EXERCISE INSTRUCTIONS
Search the listing below for the word "heels" and return each line that contains it.

MATERIAL PROVIDED
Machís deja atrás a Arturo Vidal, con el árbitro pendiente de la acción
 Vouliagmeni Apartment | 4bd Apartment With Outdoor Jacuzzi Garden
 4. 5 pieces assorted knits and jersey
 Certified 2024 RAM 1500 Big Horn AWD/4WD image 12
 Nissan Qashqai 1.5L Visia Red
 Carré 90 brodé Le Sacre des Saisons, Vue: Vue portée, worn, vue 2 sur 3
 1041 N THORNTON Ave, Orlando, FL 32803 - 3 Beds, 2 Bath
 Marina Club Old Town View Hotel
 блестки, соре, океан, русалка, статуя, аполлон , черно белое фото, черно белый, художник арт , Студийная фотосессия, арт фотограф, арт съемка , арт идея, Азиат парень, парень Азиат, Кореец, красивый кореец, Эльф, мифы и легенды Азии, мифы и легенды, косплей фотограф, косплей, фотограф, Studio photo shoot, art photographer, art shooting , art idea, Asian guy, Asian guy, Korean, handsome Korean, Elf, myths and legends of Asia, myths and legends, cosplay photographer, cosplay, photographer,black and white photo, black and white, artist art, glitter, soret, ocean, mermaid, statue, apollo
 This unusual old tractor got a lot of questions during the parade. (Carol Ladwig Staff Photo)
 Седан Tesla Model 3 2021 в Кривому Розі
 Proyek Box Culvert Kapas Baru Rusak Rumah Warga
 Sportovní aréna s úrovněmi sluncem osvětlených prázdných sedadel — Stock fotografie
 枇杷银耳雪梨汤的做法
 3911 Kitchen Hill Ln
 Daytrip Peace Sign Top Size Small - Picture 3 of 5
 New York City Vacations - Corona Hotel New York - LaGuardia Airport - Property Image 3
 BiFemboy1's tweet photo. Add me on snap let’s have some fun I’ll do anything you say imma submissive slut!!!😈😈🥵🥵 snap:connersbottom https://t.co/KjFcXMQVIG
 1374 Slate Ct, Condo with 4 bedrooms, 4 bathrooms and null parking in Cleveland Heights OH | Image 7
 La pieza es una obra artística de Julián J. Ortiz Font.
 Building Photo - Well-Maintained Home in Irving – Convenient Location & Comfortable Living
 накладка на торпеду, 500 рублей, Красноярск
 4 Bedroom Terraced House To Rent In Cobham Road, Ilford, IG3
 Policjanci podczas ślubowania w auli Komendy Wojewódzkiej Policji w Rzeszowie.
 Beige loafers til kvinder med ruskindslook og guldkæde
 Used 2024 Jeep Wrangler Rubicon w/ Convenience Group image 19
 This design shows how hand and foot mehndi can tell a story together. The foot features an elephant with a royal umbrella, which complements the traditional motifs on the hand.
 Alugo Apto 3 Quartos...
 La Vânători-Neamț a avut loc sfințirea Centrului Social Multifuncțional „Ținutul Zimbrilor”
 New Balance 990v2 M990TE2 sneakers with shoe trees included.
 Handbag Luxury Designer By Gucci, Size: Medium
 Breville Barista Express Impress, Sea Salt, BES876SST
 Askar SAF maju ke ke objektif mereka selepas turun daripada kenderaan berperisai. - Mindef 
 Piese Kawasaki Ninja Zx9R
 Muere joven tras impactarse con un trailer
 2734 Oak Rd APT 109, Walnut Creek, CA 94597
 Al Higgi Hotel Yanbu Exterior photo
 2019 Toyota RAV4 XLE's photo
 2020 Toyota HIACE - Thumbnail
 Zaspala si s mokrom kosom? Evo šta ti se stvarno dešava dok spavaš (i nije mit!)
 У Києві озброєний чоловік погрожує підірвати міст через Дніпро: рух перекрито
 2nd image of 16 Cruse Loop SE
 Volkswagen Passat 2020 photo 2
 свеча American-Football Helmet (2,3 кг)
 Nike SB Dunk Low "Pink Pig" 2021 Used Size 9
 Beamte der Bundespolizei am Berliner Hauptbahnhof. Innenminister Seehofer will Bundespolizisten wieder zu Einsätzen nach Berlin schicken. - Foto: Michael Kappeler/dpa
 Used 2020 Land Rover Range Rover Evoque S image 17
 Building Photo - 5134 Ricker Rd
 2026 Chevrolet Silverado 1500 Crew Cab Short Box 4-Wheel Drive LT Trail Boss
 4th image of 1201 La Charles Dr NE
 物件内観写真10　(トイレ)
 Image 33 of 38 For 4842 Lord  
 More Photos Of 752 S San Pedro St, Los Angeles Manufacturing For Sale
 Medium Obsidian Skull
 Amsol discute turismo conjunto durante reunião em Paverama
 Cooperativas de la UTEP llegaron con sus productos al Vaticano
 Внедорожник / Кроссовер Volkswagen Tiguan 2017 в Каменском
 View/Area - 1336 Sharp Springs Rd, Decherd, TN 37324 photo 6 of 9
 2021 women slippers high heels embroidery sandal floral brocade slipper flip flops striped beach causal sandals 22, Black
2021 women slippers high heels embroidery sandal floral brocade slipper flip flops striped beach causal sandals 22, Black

RESULT OF THE EXERCISE
 2021 women slippers high heels embroidery sandal floral brocade slipper flip flops striped beach causal sandals 22, Black
2021 women slippers high heels embroidery sandal floral brocade slipper flip flops striped beach causal sandals 22, Black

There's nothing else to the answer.